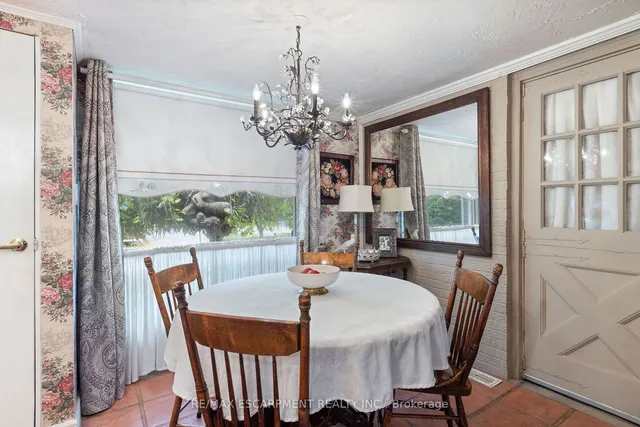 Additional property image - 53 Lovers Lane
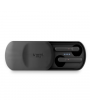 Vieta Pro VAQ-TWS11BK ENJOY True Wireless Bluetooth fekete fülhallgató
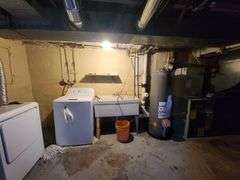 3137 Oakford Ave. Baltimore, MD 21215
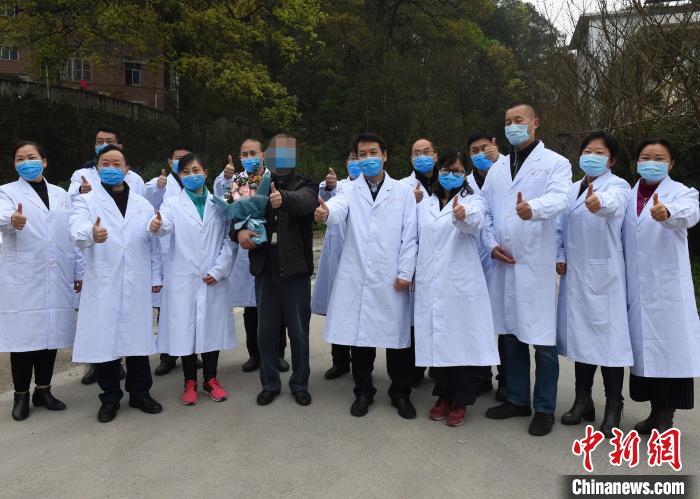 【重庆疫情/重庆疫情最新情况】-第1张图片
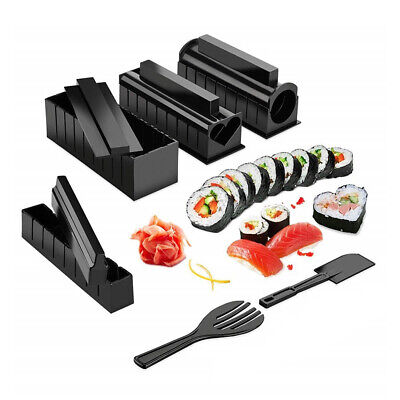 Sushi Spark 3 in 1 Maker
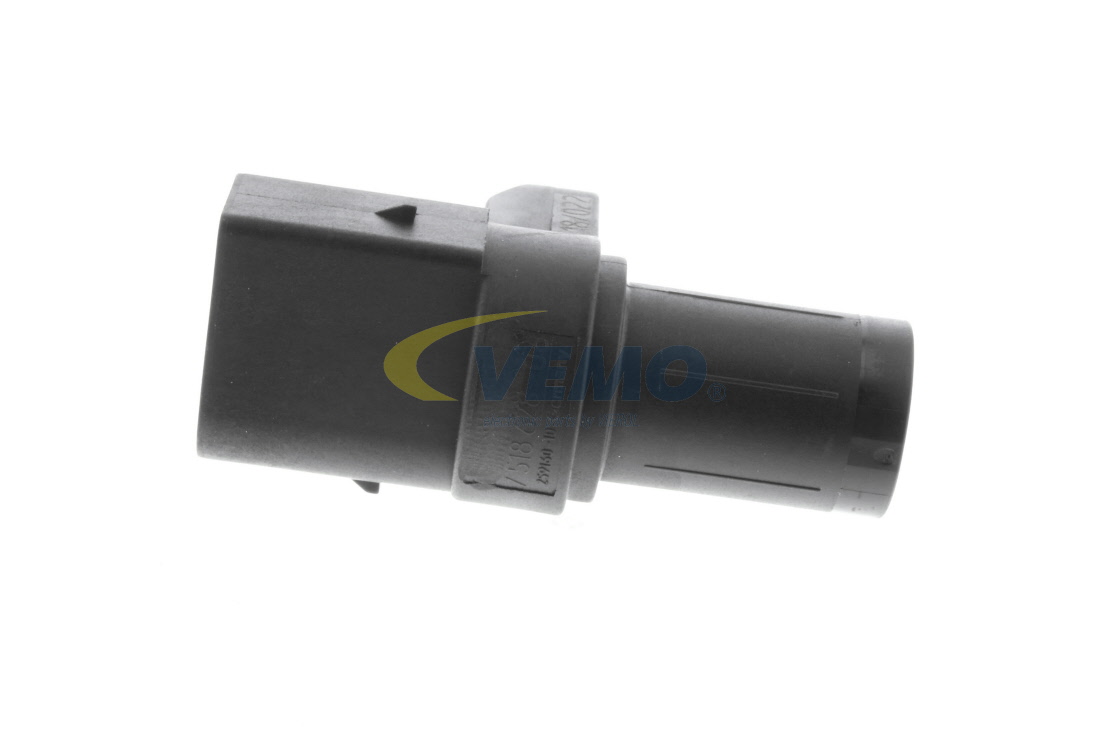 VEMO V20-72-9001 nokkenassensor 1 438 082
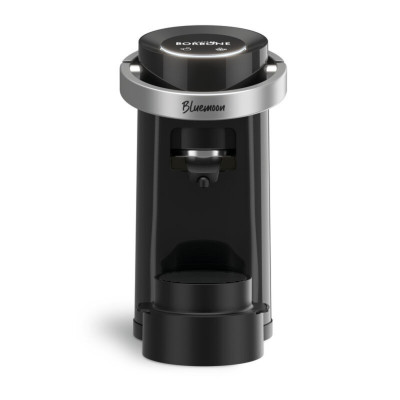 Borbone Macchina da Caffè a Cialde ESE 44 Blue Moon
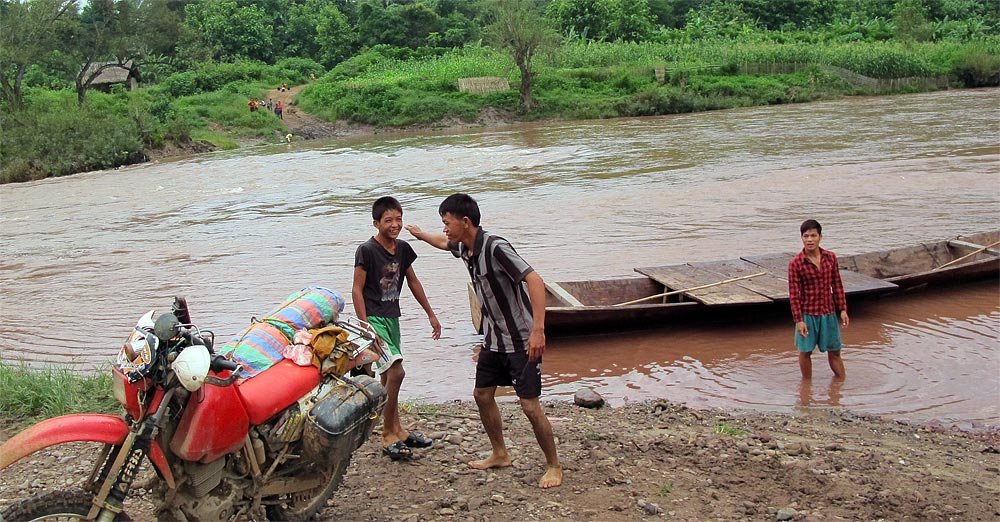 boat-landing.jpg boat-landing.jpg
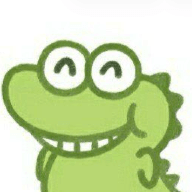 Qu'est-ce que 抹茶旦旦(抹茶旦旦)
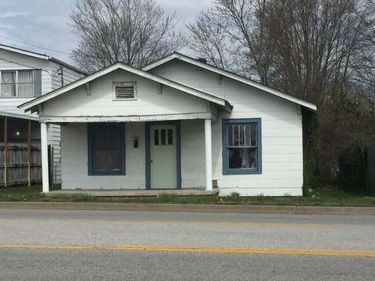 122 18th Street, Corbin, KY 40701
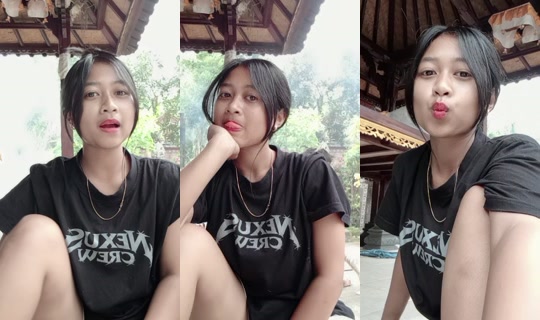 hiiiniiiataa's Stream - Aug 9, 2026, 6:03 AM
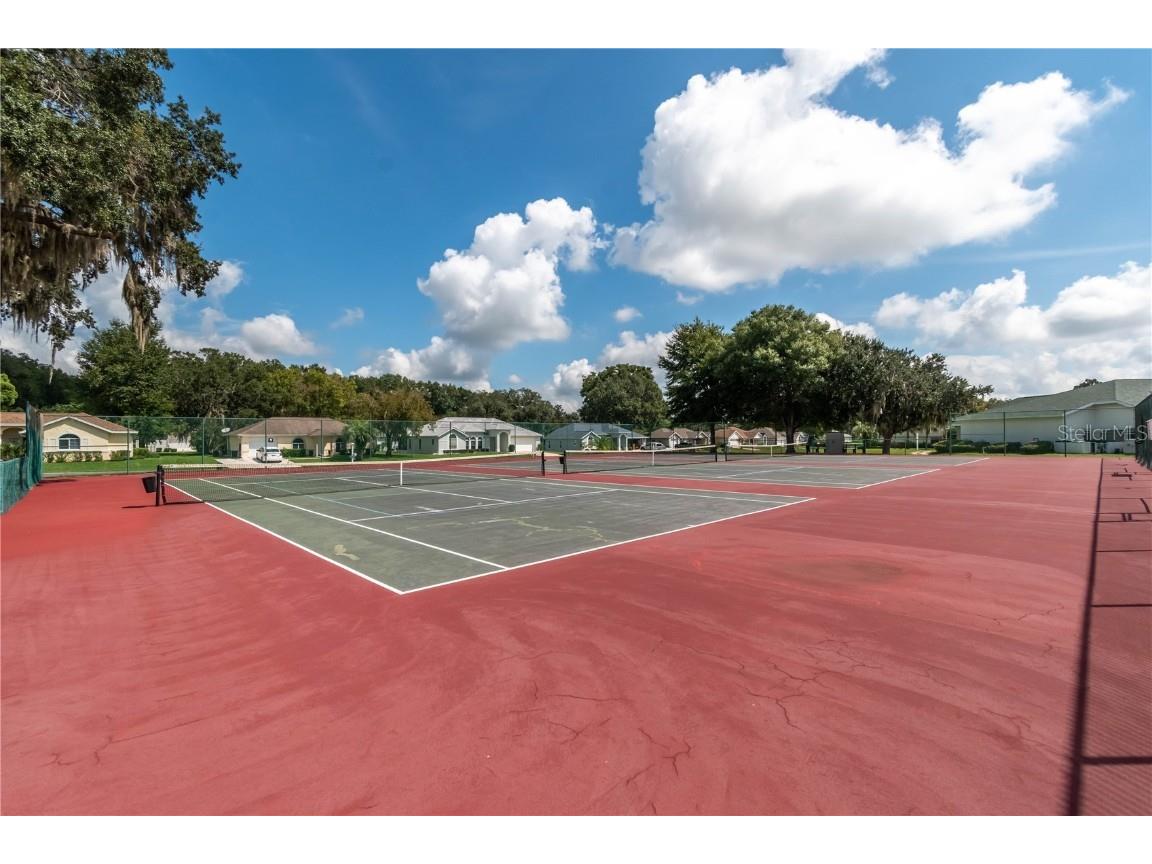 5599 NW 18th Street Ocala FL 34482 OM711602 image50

•••

What is needed: Write out, exactly and only, the lines from the one containing "boat-landing.jpg boat-landing.jpg" through the last line of the material above. Pictures do not go in the copy.

Reply:
 boat-landing.jpg boat-landing.jpg
 Qu'est-ce que 抹茶旦旦(抹茶旦旦)
 122 18th Street, Corbin, KY 40701
 hiiiniiiataa's Stream - Aug 9, 2026, 6:03 AM
 5599 NW 18th Street Ocala FL 34482 OM711602 image50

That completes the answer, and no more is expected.